The Biden administration on Wednesday canceled more than $6 billion in student debt for 317,000 people who attended the Art Institutes, a now-defunct network of for-profit colleges that President Biden said “knowingly misled” students.
After a review of lawsuits brought by state attorneys general against the schools and their parent company, Education Management Corporation, the Education Department found that the Art Institutes falsified job placement figures in advertisements and misled prospective students with inflated salary expectations.
In one case the department highlighted, an Art Institute campus in Florida appeared to have included the tennis star Serena Williams’s annual income in its graduate salary projections after she had attended classes there.
“This institution falsified data, knowingly misled students and cheated borrowers into taking on mountains of debt without leading to promising career prospects at the end of their studies,” President Biden said in a statement.
He also took a swipe at former President Donald J. Trump, whom he accused of ignoring the influence of predatory for-profit schools on students seeking what they believed were meaningful academic credentials.
“While my predecessor looked the other way when colleges defrauded students and borrowers, I promised to take this on directly to provide borrowers with the relief they need and deserve,” Mr. Biden said.
The president’s decision to cancel the student debt was another step in his pursuit of student loan forgiveness in the year since the Supreme Court struck down a far more ambitious plan to wipe out more than $400 billion in debt.
Mr. Biden said last month that he would make another attempt at large-scale debt forgiveness for more than 25 million people, despite opposition from Republicans, who say it would be unfair to borrowers who struggled to pay off their student debt without assistance.
In the meantime, the administration has forgiven about $160 billion in debt for 4.6 million borrowers by fixing and streamlining existing programs that have been plagued by bureaucratic and other problems for years.

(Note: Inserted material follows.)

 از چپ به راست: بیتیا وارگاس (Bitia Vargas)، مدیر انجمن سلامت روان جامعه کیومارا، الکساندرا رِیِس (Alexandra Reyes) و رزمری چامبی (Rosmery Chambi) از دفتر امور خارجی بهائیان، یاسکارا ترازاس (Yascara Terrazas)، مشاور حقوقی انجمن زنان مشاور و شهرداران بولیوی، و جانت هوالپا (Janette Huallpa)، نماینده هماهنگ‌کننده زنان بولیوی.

The action covers students who attended Art Institute schools between Jan. 1, 2004, and Oct. 16, 2017. The department said borrowers would be notified starting on Wednesday that they had been approved and would see their debt canceled automatically.
Forgiving federal student loans for borrowers who the administration has determined were preyed on by their schools has emerged as one part of the administration’s student debt relief strategy, using its authority under an existing program known as borrower defense to repayment. To date, the administration has approved $28.7 billion in debt forgiveness for some 1.6 million borrowers whose institutions engaged in misleading practices or shut down.
“In addition to providing critical relief to students, we need to hold wrongdoers accountable — otherwise, executives will continue to exploit students for their own benefit,” said Aaron Ament, the president of the National Student Legal Defense Network, which has represented former Art Institute students since 2018.